Give back the data below word for word. Any image in it should be left out.

RECORDED DATA –
----

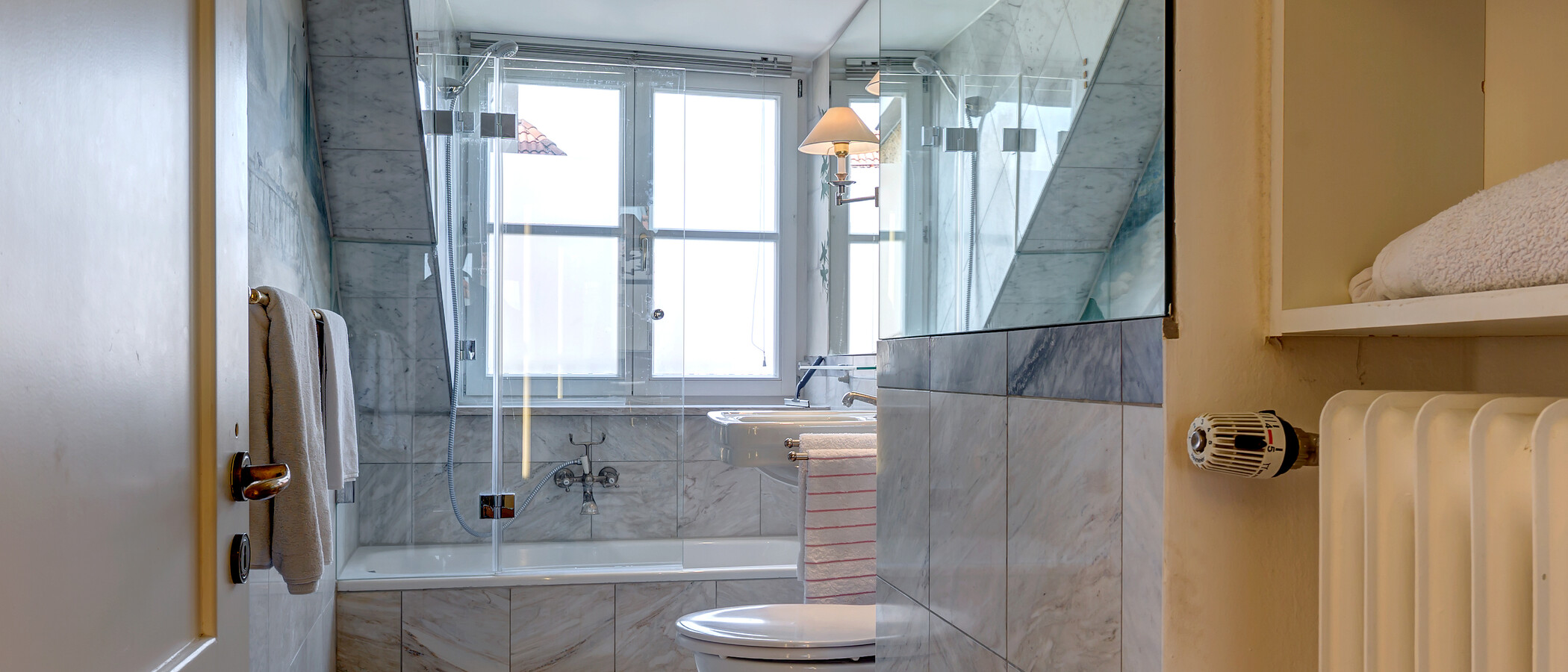 複層住宅 München Schwabing (links der Leopoldstraße) 02 浴室 3679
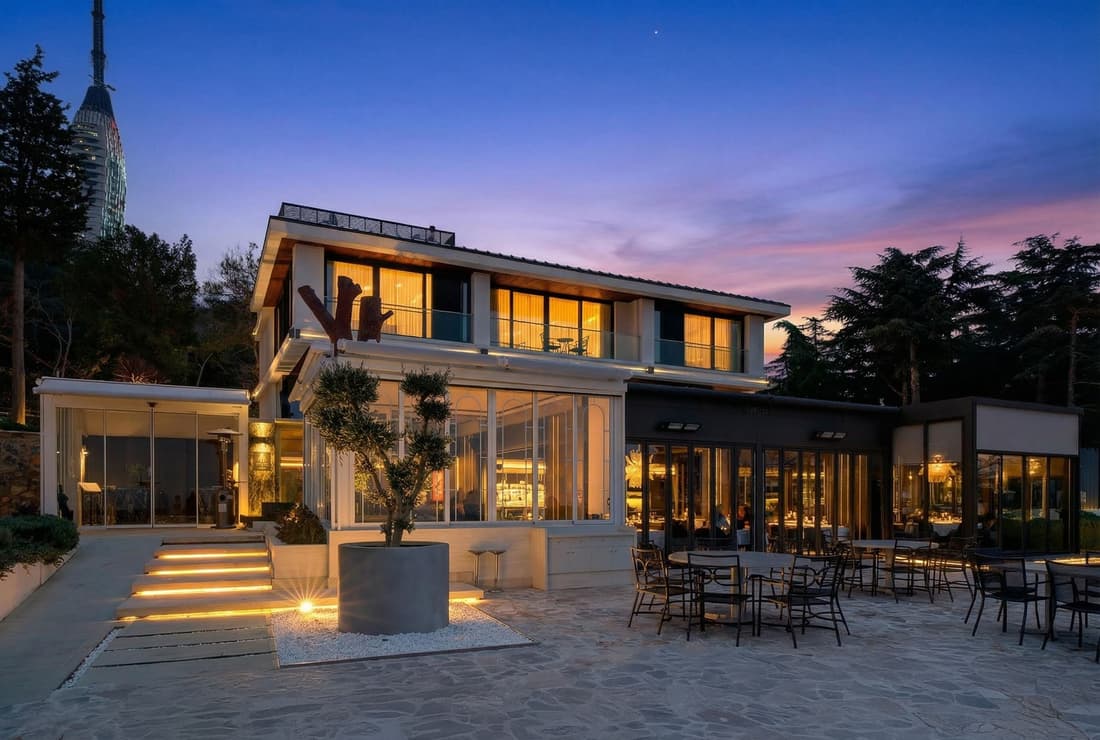 Arbor Hotel - Signature Collection
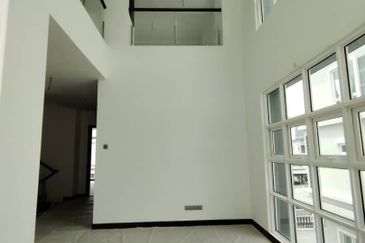 Brand New Completed 3 Storey Semi D With Lift in TTDI KL For Sale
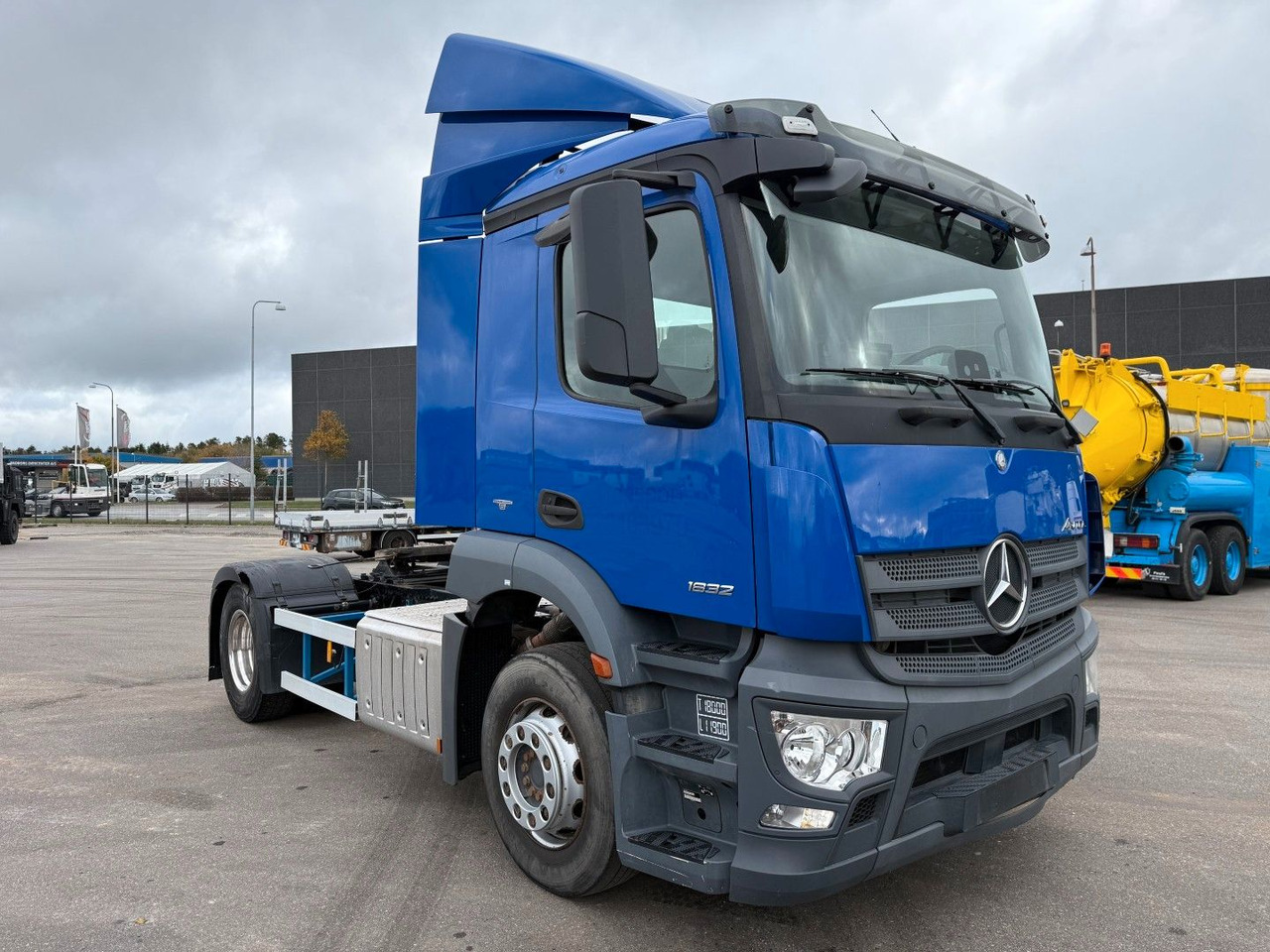 Mercedes-Benz Actros 1832 4x2 Euro 6 - Ťahač: obrázok 2 Mercedes-Benz Actros 1832 4x2 Euro 6 - Ťahač: obrázok 2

----

SOLUTION FOR THIS TASK –
 複層住宅 München Schwabing (links der Leopoldstraße) 02 浴室 3679
 Arbor Hotel - Signature Collection
 Brand New Completed 3 Storey Semi D With Lift in TTDI KL For Sale
 Mercedes-Benz Actros 1832 4x2 Euro 6 - Ťahač: obrázok 2 Mercedes-Benz Actros 1832 4x2 Euro 6 - Ťahač: obrázok 2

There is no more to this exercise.